When I’m designing a pipeline for datasets exceeding 10 billion rows, the first question I ask is: MERGE or OVERWRITE?

Many engineers default to the MERGE (Upsert) statement because it feels modern and “clean.” But in my experience, MERGE is a massive compute-heavy trap at scale. When you run a MERGE in Spark or Snowflake, the engine has to perform a massive join between your source and target to identify which rows to update and which to insert. This creates a “shuffle” that eats up credits like crazy and increases the failure surface area.

On a recent project involving 8TB of historical clickstream data, I benchmarked the two. The INSERT OVERWRITE at the partition level was consistently 30-50% cheaper and 40% faster than the equivalent MERGE operation.

Why? Because an overwrite is essentially a metadata swap.
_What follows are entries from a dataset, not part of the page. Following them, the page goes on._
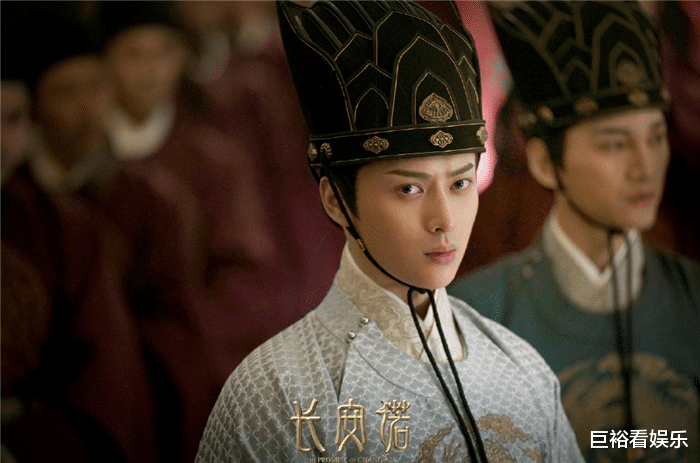 腾讯|腾讯又一古装剧成爆款！开播一天播放破千万，连追8集不过瘾！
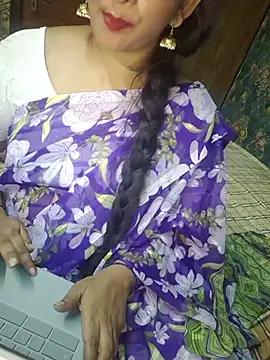 Shalini_telugu09's Webcam Show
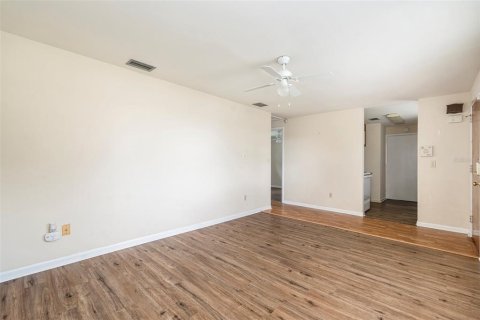 Casa en venta en Spring Hill, Florida, 2 dormitorios, 85.84 m2 № 1911833 - foto 8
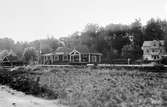 Stationen anlades 1908. 1917 flyttades stationsbyggnaden vid Västra Bodarne till nuvarande plats. Mekanisk växelförregling med kontrollås.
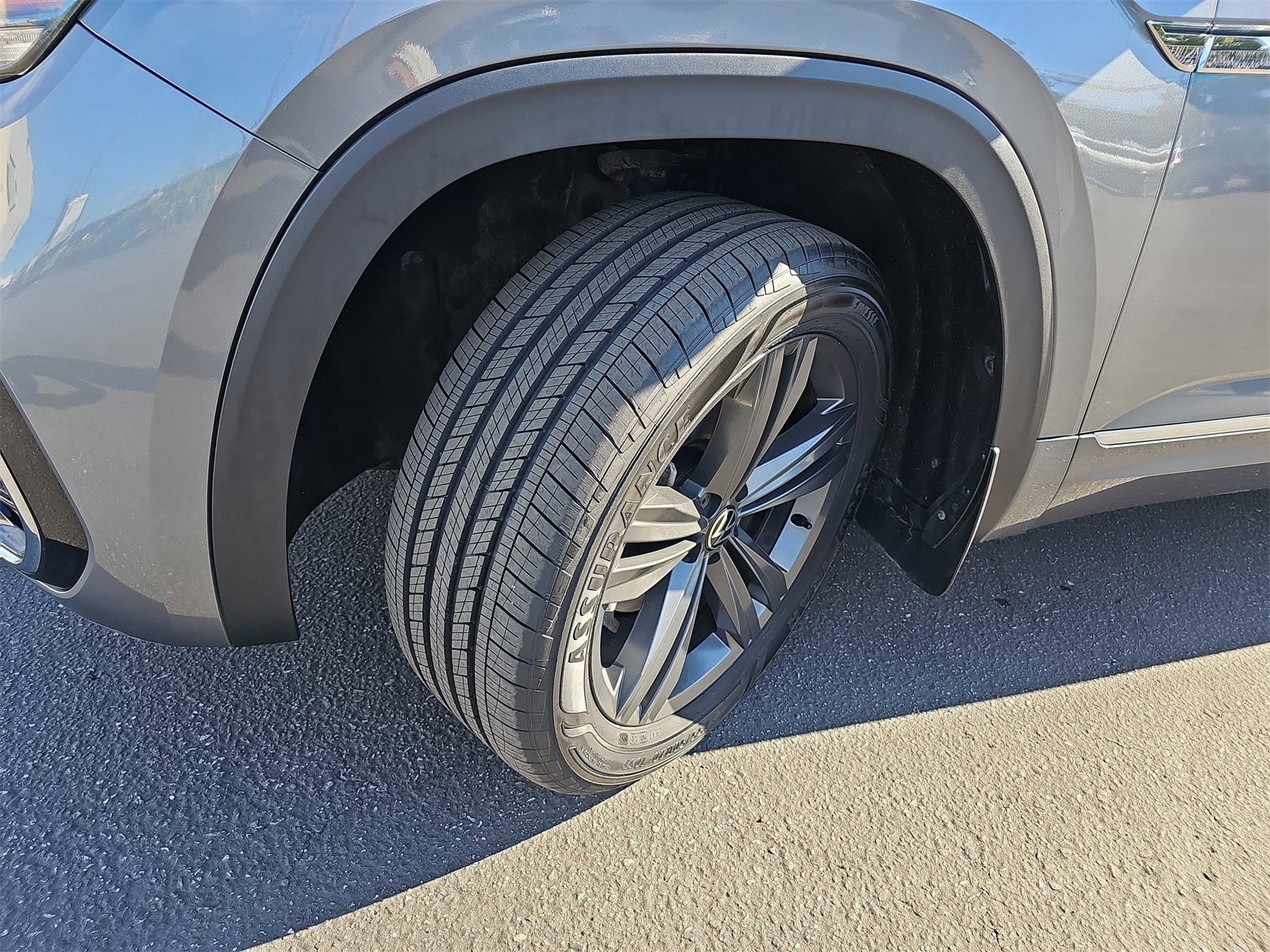 Used 2021 Volkswagen Atlas SE w/ Panoramic Sunroof Package image 34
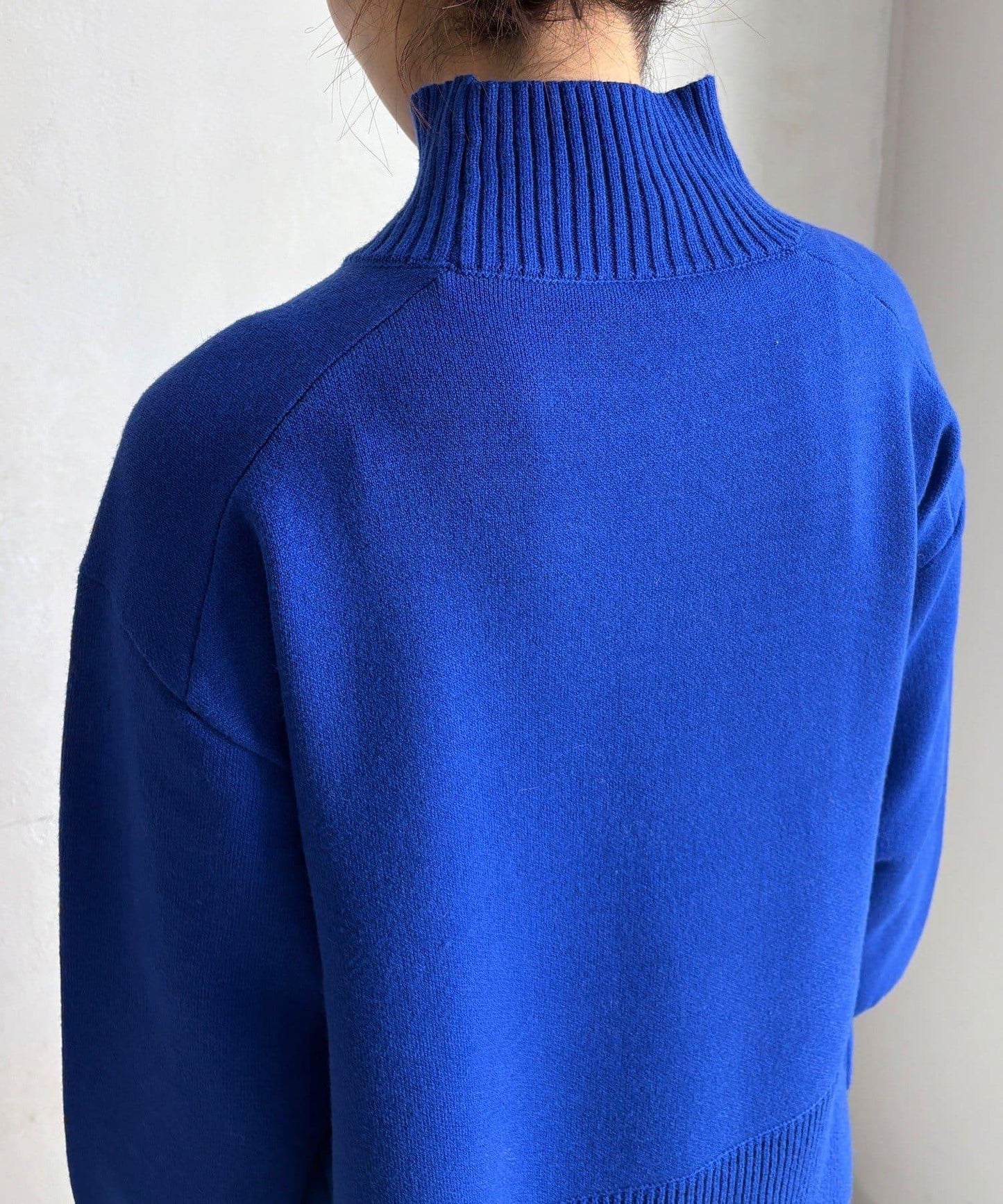 側開叉高領針織衫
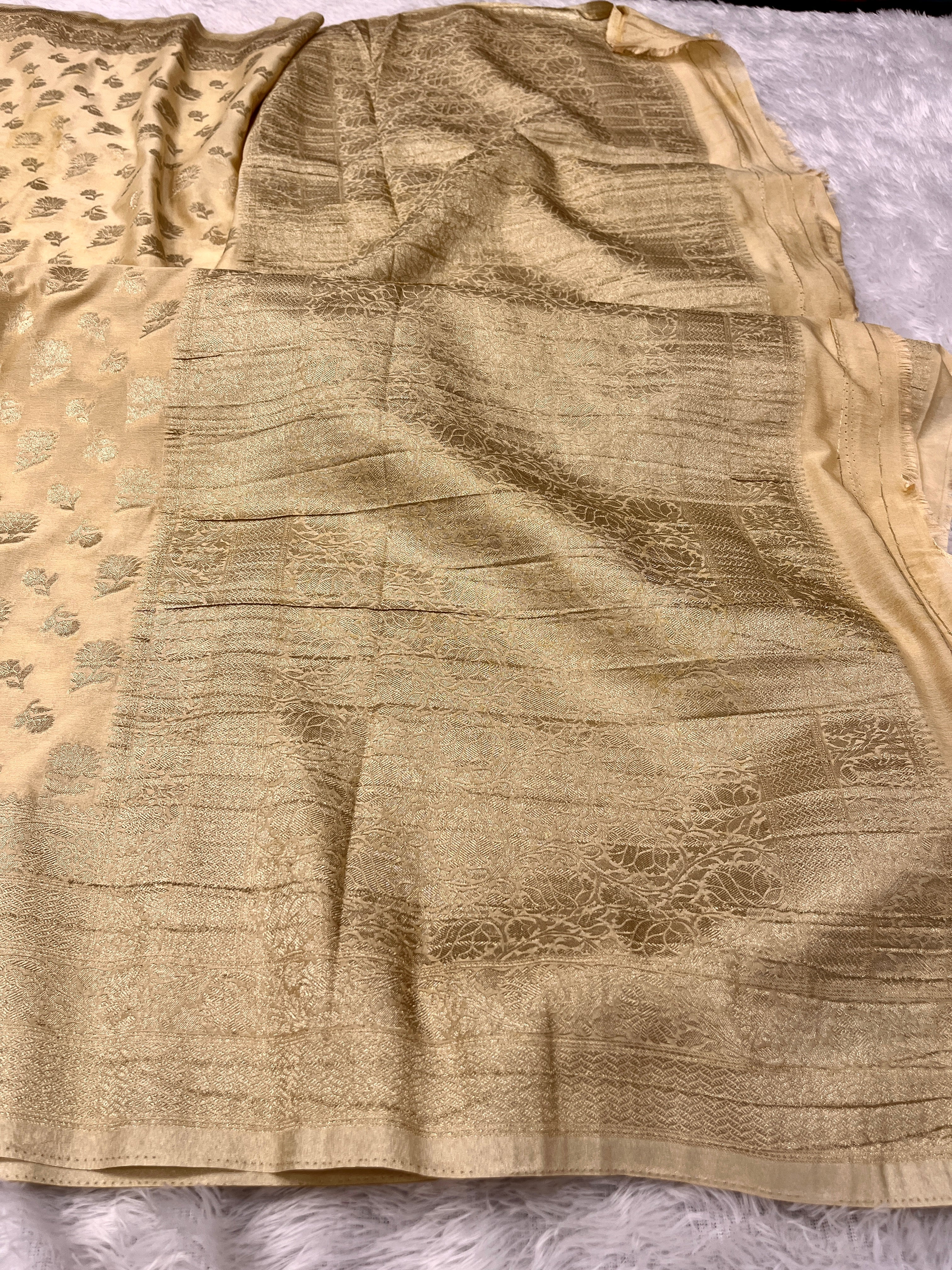 Chinon Silk Big small Buta  Design Cream Saree CN06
You’re telling the catalog, “Forget the old files in the dt=2024-10-01 folder; here are the new ones.” No expensive record-matching required.

-- The Expensive Way: MERGE 
-- Good for Silver layer updates, but a nightmare for Gold scale
MERGE INTO gold.sales AS target
USING (
    SELECT * FROM silver.sales_updates 
    WHERE event_date = '2024-10-01'
) AS source
ON target.sale_id = source.sale_id
WHEN MATCHED THEN
  UPDATE SET target.amount = source.amount, target.updated_at = source.updated_at
WHEN NOT MATCHED THEN
  INSERT (sale_id, amount, updated_at, event_date) 
  VALUES (source.sale_id, source.amount, source.updated_at, '2024-10-01');

-- The Harsha Way: Atomic Partition Overwrite
-- This is my gold standard for 10B+ rows. 
-- It is inherently idempotent because it replaces the entire window.
SET spark.sql.sources.partitionOverwriteMode=dynamic;

INSERT OVERWRITE TABLE gold.sales 
PARTITION (event_date = '2024-10-01')
SELECT 
    sale_id, 
    amount, 
    updated_at
FROM silver.sales_processed
WHERE event_date = '2024-10-01';

I usually reserve MERGE for the Silver layer where I’m handling low-latency, small-batch incremental loads from CDC (Change Data Capture) sources. But for Gold-level aggregations and massive backfills, INSERT OVERWRITE is my non-negotiable.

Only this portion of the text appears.